Kamis, 25 September 2014

Perisai Korupsi Birokrat di UU Baru

Perisai Korupsi Birokrat di UU Baru

Rohman Budijanto  ;   Wartawan Jawa Pos,
Direktur Eksekutif The Jawa Pos Institute of Pro-Otonomi/JPIP
JAWA POS, 25 September 2014

                                                                                                                       
                                                      

HARI ini (25/9) bakal menjadi titik penting (atau genting) dalam reformasi birokrasi dan otonomi daerah. DPR menjadwalkan pengesahan tiga rancangan undang-undang (RUU) strategis.

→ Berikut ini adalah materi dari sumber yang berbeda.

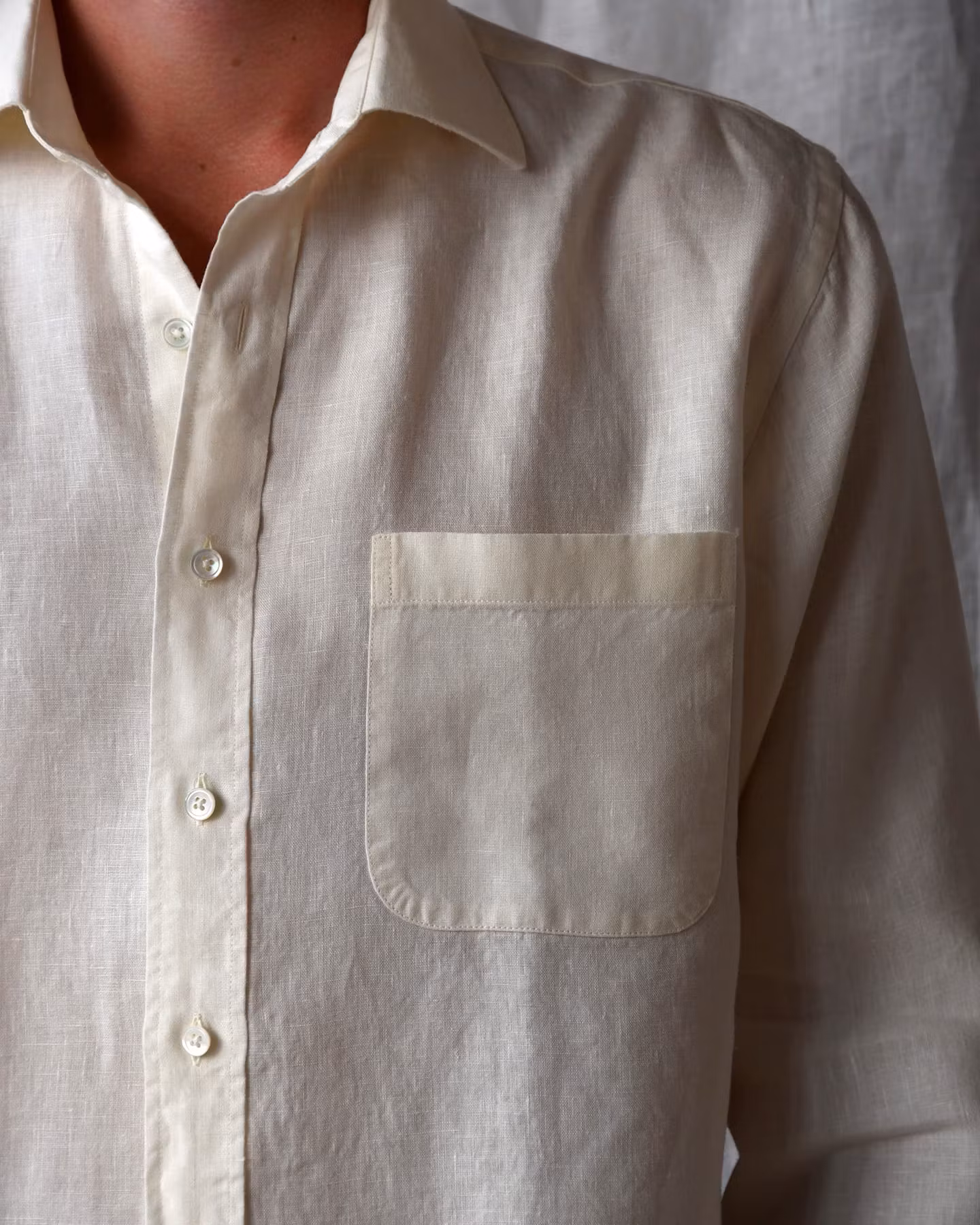 Porlamar off-white – linneskjorta med krage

Yakni, RUU pemilihan kepala daerah (pilkada), RUU administrasi pemerintahan (adpem), dan RUU pemerintahan daerah (pemda).

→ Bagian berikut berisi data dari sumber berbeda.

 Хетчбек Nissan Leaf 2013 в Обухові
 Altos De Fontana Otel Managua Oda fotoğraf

Ada banyak poin yang memperkuat posisi pejabat birokrasi dalam undang-undang baru itu. Birokrat diberi kebebasan lebih besar dalam berinovasi dan berdiskresi. Mereka juga diberi perlindungan lebih kuat bila tersangkut perkara hukum. Dalam inovasi yang gagal, misalnya, inovator di pemda tak bisa dipidana, dilindungi pasal 269 RUU Pemda (Jati Diri Jawa Pos, 22 September).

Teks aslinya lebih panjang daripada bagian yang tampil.